BEGIN RECORDS FOR THIS TASK

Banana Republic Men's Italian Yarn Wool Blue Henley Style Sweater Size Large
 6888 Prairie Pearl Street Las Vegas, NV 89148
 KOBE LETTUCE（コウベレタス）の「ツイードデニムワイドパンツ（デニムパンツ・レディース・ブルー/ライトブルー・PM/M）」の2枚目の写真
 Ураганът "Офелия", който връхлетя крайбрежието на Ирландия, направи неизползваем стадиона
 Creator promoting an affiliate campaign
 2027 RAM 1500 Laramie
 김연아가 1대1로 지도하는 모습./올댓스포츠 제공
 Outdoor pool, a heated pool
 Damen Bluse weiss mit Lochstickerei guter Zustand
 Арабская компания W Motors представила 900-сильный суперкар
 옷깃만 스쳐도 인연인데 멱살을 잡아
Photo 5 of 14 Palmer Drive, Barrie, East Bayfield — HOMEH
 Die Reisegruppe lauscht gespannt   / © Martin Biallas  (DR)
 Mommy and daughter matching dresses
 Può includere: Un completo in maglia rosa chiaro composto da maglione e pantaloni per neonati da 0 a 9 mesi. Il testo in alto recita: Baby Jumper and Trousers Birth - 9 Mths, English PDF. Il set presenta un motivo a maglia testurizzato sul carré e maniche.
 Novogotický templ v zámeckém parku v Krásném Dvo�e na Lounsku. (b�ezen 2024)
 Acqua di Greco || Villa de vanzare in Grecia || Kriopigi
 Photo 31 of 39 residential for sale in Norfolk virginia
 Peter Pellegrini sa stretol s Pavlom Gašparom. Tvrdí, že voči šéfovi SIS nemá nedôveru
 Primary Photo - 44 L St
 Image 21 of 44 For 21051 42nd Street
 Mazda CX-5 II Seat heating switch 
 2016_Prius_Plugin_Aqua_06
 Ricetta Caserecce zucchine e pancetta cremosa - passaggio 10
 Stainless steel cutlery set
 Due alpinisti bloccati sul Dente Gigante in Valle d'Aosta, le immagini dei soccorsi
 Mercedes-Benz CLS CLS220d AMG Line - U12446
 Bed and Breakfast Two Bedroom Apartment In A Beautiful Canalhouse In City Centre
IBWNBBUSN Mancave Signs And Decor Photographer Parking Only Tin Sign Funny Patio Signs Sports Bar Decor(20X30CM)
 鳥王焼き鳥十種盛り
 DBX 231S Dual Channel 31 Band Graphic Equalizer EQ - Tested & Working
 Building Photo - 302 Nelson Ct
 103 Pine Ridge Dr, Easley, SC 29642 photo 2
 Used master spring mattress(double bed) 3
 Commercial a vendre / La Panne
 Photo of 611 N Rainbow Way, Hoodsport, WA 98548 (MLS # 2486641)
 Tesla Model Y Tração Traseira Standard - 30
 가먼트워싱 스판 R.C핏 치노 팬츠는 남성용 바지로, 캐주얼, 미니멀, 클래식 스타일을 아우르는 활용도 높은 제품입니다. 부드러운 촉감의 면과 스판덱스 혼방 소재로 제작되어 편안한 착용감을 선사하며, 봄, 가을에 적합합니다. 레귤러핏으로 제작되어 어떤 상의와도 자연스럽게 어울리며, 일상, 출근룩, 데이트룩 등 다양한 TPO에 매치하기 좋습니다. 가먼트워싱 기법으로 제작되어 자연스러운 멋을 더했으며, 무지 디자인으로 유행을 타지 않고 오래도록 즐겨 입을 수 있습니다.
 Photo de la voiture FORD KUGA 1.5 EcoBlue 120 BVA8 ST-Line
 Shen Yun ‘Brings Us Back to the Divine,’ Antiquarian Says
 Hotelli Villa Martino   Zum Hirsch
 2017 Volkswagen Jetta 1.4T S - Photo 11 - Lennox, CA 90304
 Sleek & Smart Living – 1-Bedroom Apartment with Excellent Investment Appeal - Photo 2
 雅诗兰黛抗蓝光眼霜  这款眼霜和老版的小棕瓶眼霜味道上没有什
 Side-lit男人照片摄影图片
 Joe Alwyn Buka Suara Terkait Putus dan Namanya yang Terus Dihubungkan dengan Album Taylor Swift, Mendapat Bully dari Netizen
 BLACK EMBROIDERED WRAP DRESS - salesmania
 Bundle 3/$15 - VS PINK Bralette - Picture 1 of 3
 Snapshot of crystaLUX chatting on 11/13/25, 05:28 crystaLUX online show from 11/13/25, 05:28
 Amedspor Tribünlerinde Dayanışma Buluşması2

END RECORDS FOR THIS TASK

TASK GOAL ::
Every line in the records above that contains the word "Street" is to be copied out.

SOLVED EXERCISE ::
 6888 Prairie Pearl Street Las Vegas, NV 89148
 Image 21 of 44 For 21051 42nd Street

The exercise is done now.